--- START ---
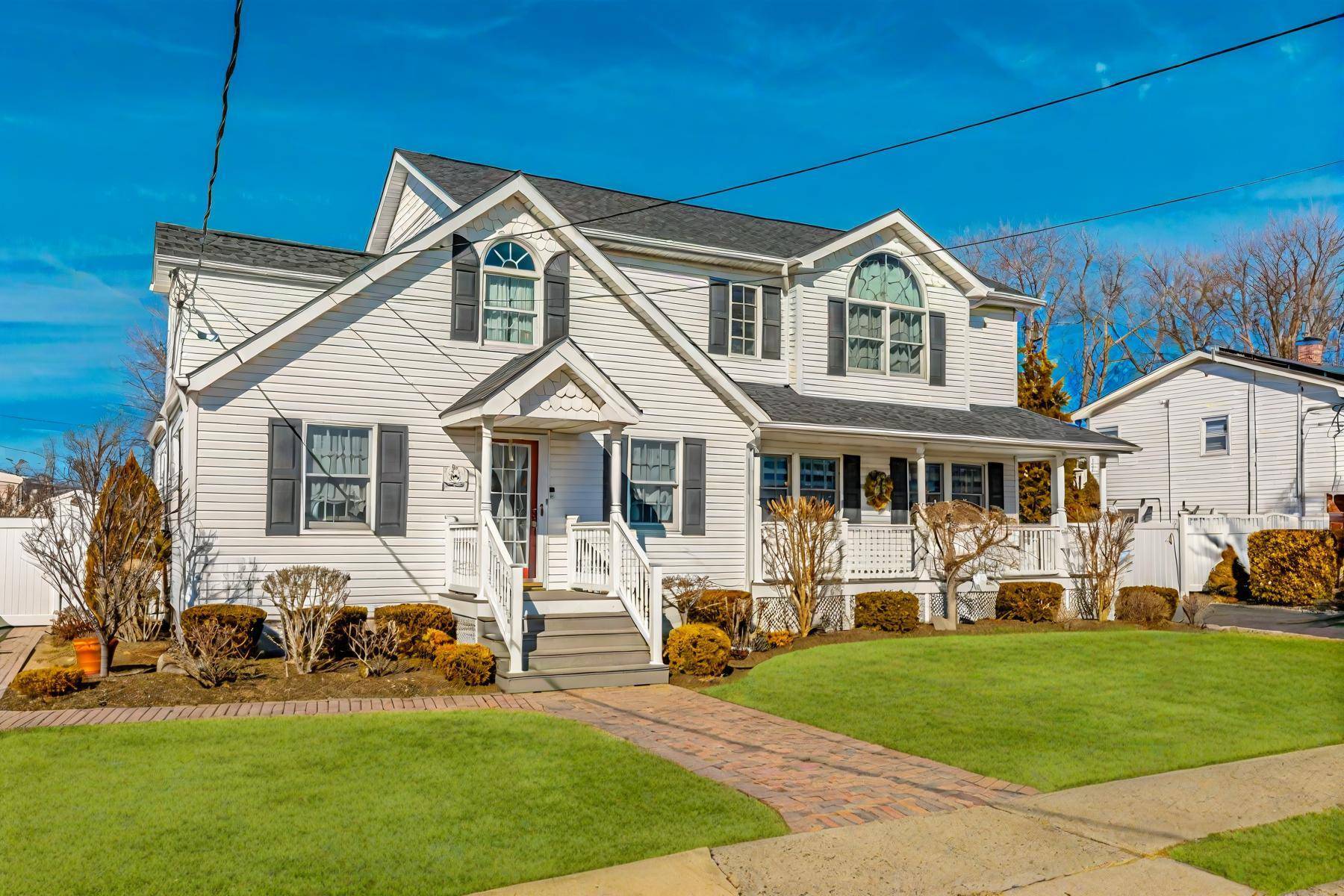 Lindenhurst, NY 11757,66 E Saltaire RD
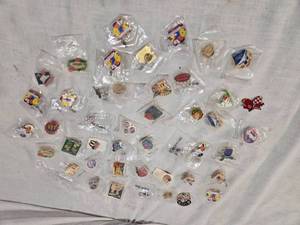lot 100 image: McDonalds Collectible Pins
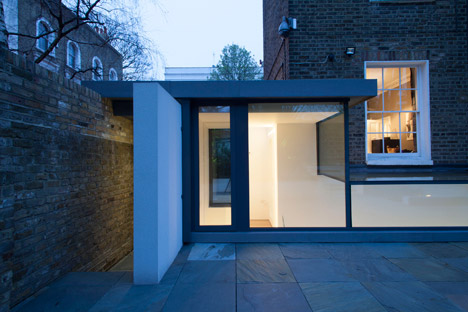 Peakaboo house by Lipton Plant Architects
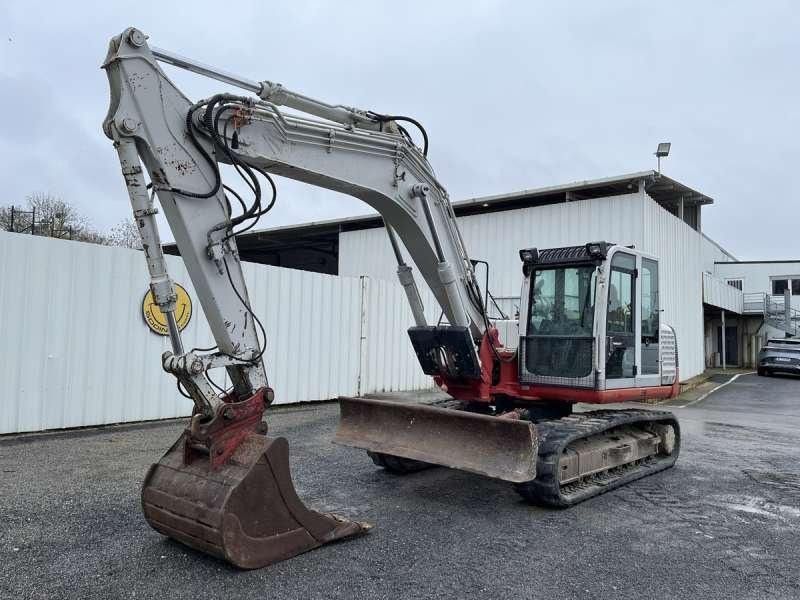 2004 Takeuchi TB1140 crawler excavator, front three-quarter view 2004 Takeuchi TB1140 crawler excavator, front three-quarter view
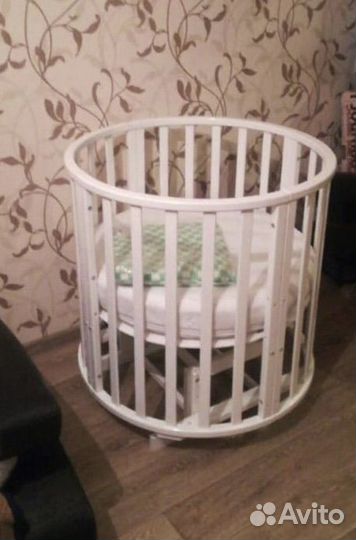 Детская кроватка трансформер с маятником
--- END ---
◆ Work task:
Inclusive range, exact copy: the line containing "Peakaboo house by Lipton Plant Architects" through the last line of the listing. Print nothing else, and no pictures.

◆ Result of the exercise:
 Peakaboo house by Lipton Plant Architects
 2004 Takeuchi TB1140 crawler excavator, front three-quarter view 2004 Takeuchi TB1140 crawler excavator, front three-quarter view
 Детская кроватка трансформер с маятником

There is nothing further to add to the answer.